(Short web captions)
┄┄┄┄┄┄┄┄┄┄

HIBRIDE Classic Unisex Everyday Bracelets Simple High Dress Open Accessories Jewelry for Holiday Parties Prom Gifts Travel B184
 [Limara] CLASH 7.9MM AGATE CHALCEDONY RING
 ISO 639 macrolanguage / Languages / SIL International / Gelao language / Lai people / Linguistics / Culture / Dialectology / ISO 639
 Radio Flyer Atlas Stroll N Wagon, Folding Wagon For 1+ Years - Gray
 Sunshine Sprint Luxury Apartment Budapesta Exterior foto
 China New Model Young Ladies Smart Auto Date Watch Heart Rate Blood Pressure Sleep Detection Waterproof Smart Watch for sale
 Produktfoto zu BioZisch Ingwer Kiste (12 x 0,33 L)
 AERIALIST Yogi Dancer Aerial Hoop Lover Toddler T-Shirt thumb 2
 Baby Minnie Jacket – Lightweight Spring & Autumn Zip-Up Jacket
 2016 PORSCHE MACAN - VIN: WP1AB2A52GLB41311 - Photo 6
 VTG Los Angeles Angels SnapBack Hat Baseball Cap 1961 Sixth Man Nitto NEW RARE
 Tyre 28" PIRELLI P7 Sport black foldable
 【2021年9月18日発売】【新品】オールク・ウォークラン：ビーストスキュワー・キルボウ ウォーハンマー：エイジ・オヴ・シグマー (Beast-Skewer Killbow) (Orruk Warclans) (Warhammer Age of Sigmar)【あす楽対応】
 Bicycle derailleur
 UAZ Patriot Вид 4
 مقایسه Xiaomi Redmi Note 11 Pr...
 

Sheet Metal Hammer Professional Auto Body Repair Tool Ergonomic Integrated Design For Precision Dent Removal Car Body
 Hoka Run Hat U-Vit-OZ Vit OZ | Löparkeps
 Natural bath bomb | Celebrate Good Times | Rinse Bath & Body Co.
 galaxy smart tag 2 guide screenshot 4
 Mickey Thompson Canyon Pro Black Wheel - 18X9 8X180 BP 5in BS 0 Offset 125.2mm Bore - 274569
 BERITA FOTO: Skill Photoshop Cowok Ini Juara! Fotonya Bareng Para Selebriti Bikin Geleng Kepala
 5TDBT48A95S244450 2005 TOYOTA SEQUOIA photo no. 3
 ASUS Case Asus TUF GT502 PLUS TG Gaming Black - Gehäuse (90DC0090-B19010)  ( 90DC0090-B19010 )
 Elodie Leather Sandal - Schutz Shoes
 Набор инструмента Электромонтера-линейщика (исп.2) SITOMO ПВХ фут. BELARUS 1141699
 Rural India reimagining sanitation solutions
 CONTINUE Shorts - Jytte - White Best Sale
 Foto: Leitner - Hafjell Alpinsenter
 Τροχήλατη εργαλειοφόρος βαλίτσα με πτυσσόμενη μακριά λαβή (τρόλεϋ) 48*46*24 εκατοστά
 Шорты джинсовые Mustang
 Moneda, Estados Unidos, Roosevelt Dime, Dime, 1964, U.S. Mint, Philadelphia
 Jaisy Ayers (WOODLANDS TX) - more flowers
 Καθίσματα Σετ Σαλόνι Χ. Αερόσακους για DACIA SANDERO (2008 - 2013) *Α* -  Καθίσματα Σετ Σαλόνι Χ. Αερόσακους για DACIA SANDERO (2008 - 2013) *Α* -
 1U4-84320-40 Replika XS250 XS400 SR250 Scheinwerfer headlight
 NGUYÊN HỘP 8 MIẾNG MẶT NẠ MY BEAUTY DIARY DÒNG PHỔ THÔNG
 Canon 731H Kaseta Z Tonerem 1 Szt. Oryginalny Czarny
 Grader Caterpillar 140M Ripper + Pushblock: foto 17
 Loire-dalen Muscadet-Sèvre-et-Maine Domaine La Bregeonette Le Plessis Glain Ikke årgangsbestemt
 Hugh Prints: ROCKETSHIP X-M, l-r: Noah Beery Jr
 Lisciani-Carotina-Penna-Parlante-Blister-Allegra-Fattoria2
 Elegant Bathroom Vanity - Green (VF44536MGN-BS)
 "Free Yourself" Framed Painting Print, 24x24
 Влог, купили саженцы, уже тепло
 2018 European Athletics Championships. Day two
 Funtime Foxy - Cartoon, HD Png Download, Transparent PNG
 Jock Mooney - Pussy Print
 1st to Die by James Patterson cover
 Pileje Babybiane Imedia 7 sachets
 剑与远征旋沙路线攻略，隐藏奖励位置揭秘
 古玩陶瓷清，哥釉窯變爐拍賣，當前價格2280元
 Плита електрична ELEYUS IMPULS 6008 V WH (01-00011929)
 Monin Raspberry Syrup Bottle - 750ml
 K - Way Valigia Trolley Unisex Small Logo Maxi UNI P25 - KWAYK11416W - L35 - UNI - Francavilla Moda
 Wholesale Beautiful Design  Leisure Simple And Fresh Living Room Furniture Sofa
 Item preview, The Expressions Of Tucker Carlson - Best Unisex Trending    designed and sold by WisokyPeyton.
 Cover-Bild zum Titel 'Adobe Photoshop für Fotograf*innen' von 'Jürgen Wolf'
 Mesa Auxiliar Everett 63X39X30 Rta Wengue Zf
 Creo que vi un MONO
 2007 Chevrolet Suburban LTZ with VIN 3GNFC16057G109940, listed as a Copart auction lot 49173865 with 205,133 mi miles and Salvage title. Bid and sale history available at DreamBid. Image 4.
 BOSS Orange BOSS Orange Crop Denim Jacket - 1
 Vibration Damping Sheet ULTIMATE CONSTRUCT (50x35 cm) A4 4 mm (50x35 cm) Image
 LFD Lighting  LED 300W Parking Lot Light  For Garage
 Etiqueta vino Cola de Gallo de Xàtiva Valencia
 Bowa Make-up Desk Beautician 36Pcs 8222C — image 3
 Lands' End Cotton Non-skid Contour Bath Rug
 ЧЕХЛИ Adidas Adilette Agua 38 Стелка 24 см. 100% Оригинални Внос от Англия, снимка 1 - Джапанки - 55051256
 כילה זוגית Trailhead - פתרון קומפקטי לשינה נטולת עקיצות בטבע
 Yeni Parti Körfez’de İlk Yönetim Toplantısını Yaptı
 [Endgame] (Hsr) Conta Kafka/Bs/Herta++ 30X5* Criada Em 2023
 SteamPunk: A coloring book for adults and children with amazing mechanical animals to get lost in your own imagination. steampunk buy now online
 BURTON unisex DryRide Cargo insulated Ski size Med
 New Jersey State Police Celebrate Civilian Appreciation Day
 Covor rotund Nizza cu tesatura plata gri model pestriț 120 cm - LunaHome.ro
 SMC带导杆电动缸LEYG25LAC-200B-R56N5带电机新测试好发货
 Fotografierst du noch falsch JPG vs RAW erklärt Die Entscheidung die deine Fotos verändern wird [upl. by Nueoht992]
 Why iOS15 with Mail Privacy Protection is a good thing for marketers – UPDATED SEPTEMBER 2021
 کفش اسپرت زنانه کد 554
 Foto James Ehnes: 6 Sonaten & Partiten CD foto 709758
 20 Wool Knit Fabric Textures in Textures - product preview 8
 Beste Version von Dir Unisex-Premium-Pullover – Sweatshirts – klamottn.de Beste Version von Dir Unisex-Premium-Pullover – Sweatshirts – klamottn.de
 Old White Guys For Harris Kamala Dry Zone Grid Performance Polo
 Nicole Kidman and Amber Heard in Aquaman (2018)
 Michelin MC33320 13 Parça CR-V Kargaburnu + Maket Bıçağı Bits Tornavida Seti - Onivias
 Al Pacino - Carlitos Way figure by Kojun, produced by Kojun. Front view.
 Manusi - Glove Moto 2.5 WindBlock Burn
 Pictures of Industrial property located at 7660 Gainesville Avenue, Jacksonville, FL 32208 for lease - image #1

┄┄┄┄┄┄┄┄┄┄

Required work: In the records, which lines mention the word "White"? Copy those lines.

Worked solution:
 CONTINUE Shorts - Jytte - White Best Sale
 Old White Guys For Harris Kamala Dry Zone Grid Performance Polo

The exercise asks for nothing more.